Analyst Insight: In today’s volatile market, companies must proactively identify, assess and mitigate supply chain risks to ensure continuity of operations, reduce costs and keep customers happy. Shippers are getting more concerned about meeting customer service requirements as more carriers go out of business. Implementing robust supply chain risk management strategies, and investing in resilience can help companies navigate the challenges of an increasingly uncertain and complex business environment.
Supply chain risk management is crucial for shippers in today’s volatile market, which is caused by the increased complexities of a global marketplace, natural disasters, suppliers/carriers going out of business, cyber-security threats, and geopolitical issues. With evolving regulations and economic volatility, shippers must be prepared for anything that can happen within their supply chains — from suppliers to end customers.
The most important thing to remember is that a risk management program is ongoing — it never ends.
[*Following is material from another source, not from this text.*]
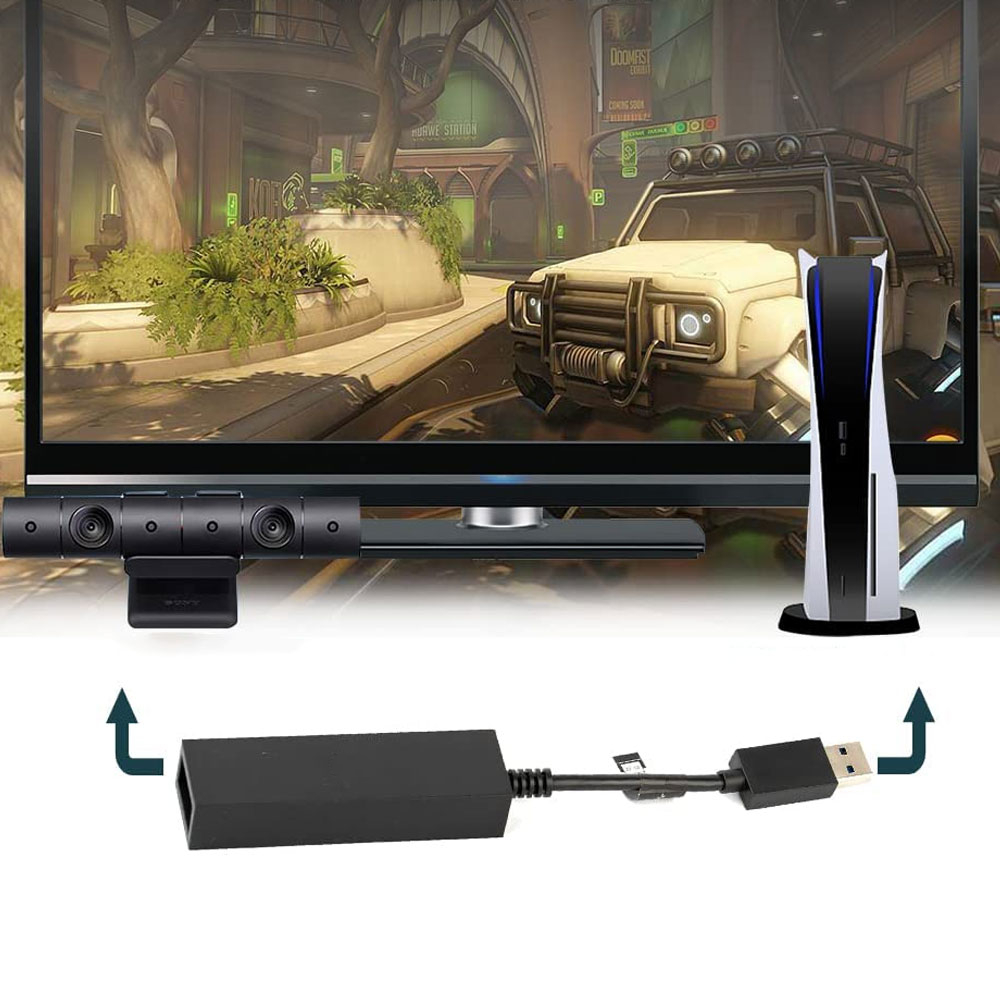 Kamera / VR Adapter Stecker für Sony Playstation PS4 / PS5 - Schwarz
It requires a proactive approach to identifying, assessing and mitigating risks to ensure the continuity and resilience of the business. Risk management programs must be regularly reviewed and updated as risks and circumstances evolve.
To start a risk management program, senior management must give their buy-in and commitment to its success. Next, a dedicated, cross-functional team from operations across the company must be selected. This team is responsible for the development and implementation of the program, along with setting goals and objectives.
Next, risks need to be identified: Are suppliers financially stable? Are you utilizing the most economic mode of transportation in your supply chain? Are your distribution channels secure? Have you had any quality issues? Are your demand forecasts inaccurate? Do you suffer from stockouts/inventory control/accuracy issues?
Once the potential risks have been identified, the probability of the risk occurring and the potential impact on your supply chain need to be assessed. Do any of these risks have a single point of failure? Inventory strategies must be created to buffer against disruptions. Use historical data and market trends to improve forecasting. Stay up to date on regulations and compliance requirements. Ensure that your systems and data are secure against cyber threats.
Technology can be used to conduct risk scenarios to assess how the supply chain will respond to each risk. Choose specific scenarios based on the identified risks that are relevant to your business. For example, if you are concerned about supply chain disruptions, create scenarios for supplier bankruptcies, transportation breakdowns, or labor strikes.
Create detailed narratives for each scenario, describing the event, its consequences, and how it might affect various aspects of the organization, such as operations, finances, reputation, and customer relationships. Next, assess the potential impact of each scenario on the organization, such as evaluating financial, operational and strategic implications. Then, determine what actions need to be taken, who is responsible for these actions, and the time-frame for response. Develop contingency plans for each scenario, outlining specific steps to respond to the event. Contingency plans should cover short-term and long-term actions. Document all aspects of the scenario planning process, including the identified risks, scenarios, impact assessments, response plans and any revisions made over time.
Outlook: Supply chains will always be vulnerable to risks, whether from partners, customers, competitors, or the environment and economic situations. To thrive in this environment, shippers need to be prepared to continually assess risks to their supply chains, and create concrete strategies to mitigate and overcome these risks. Risk management tools help shippers proactively address vulnerabilities and make informed decisions to protect their supply chain and ensure business continuity.